IDN Pictures
- Company type: Limited liability company
- Industry: Film
- Predecessor: Demi Istri Production (2013-2020)
- Founded: May 25, 2020; 6 years ago
- Headquarters: Jl. Tumaritis No.5B, RT.5/RW.3, Cilandak Barat, Cilandak, Jakarta Selatan 12430, Jakarta, Indonesia
- Area served: Indonesia
- Key people: Fajar Nugros; Susanti Dewi; Winston Utomo; William Utomo;
- Owner: IDN
- Website: www.idn.media

= IDN Pictures =

Indonesian film production company

IDN Pictures is a technology-based film company located in Indonesia which was launched on May 25, 2020, by IDN, an Indonesian media platform company.

== Background ==

In May 2020, IDN Media, a media company founded by Winston Utomo and William Utomo, officially launched IDN Pictures, a technology-based film company that focuses on stories and data to create film and video content intended to Millennials and Gen Z audiences in Indonesia, after acquisition of the film company Demi Istri Production. IDN Pictures is led by Director Fajar Nugros and Producer Susanti Dewi.

== History ==

In 2021, IDN Pictures released a short film entitled Udin's Inferno. This film tells the story of a child named Udin who experiences a traumatic incident after reading a comic book that depicts the pain of hell. According to the comic book's depiction, most people tortured in hell are those with tattoos. Meanwhile, Udin's father is a man with tattoos.

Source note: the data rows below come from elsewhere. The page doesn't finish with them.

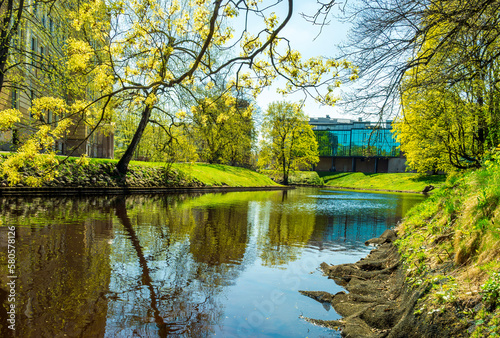 spring view on a river chanel in a green city park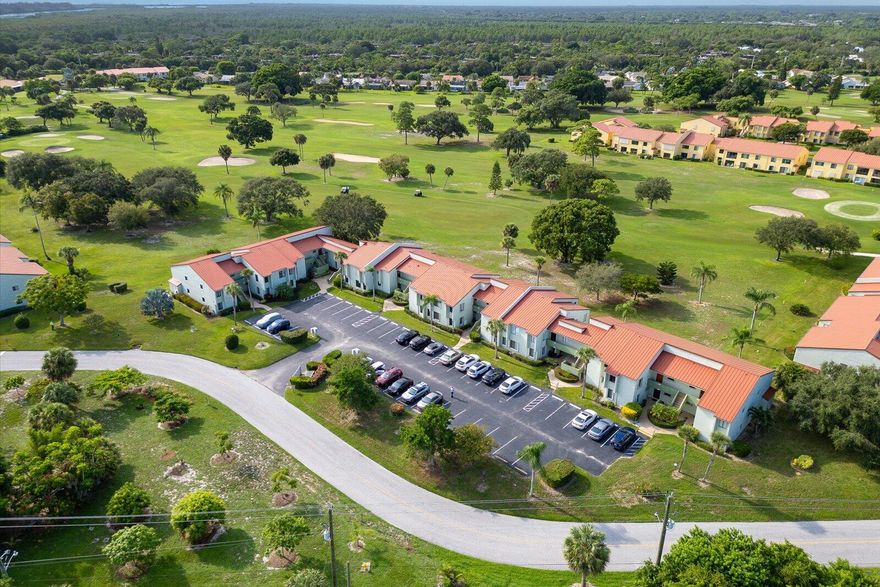 Enjoy peaceful views of the 14th fairway at Miles Grant Golf Course right from your living room or sun-filled bonus room. This home has been thoughtfully updated where it matters most: beautiful new tile flooring in the living areas and kitchen, brand-new appliances (including washer and dryer), and fresh cabinetry with quartz countertops in both kitchen and baths. The air conditioner was replaced in 2017, and you'll appreciate the ample storage with multiple closets throughout. A bonus room off the primary bedroom makes an ideal study, hobby space, or quiet reading nook.
For peace of mind, every window has hurricane protection with impact glass, many also  have  accordion shutters in addition.
Living at Miles Grant Country Club means more than just a home—it's a lifestyle. 
See More. A required social membership ensures access to an active community offering golf, pickleball, tennis, swimming, monthly social activities and more.  You'll also enjoy the club's dining room and tavern, known for excellent means, with only a modest $350 annual dining minimum.  This is an ideal opportunity to embrace a worry-free, active, and welcoming community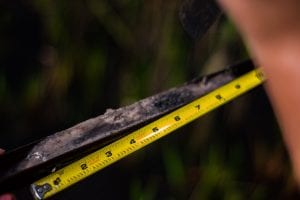 Close-up photo of a person measuring a dirty metal object with a yellow measuring tape.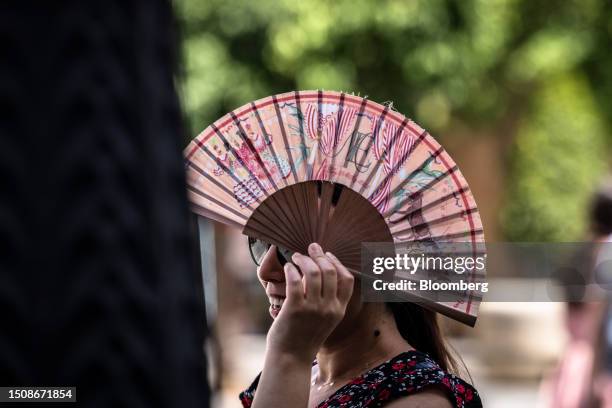 Woman uses a fan during high temperatures in Seville, Spain, on Wednesday, July 5, 2023. Global temperatures hit a record on Monday, underscoring the...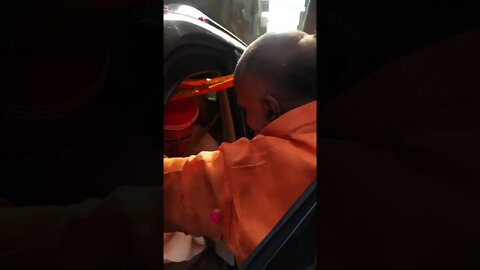Indian PM Narendra Modi accept a pagdi and scarf from a man on the streets of Varanasi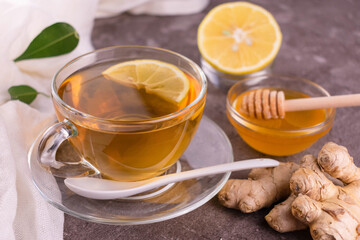 Healthy tea with ginger, lemon and honey.
Close-up.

On October 13, 2022, IDN Pictures produced their first horror film, named The Womb. The movie tells the story of the Rebo Wekasan ritual which aims to ward off evil and stars several Indonesian actors such Naysilla Mirdad, Lydia Kandou, and Dimas Anggara.

On December 1, 2022, the studio produced their second horror film titled Qorin. The film tells the story of the heretical ritual of calling qorin. This film stars actors such as Zulfa Maharani, Aghniny Haque, Yusuf Mahardika, and Omar Daniel.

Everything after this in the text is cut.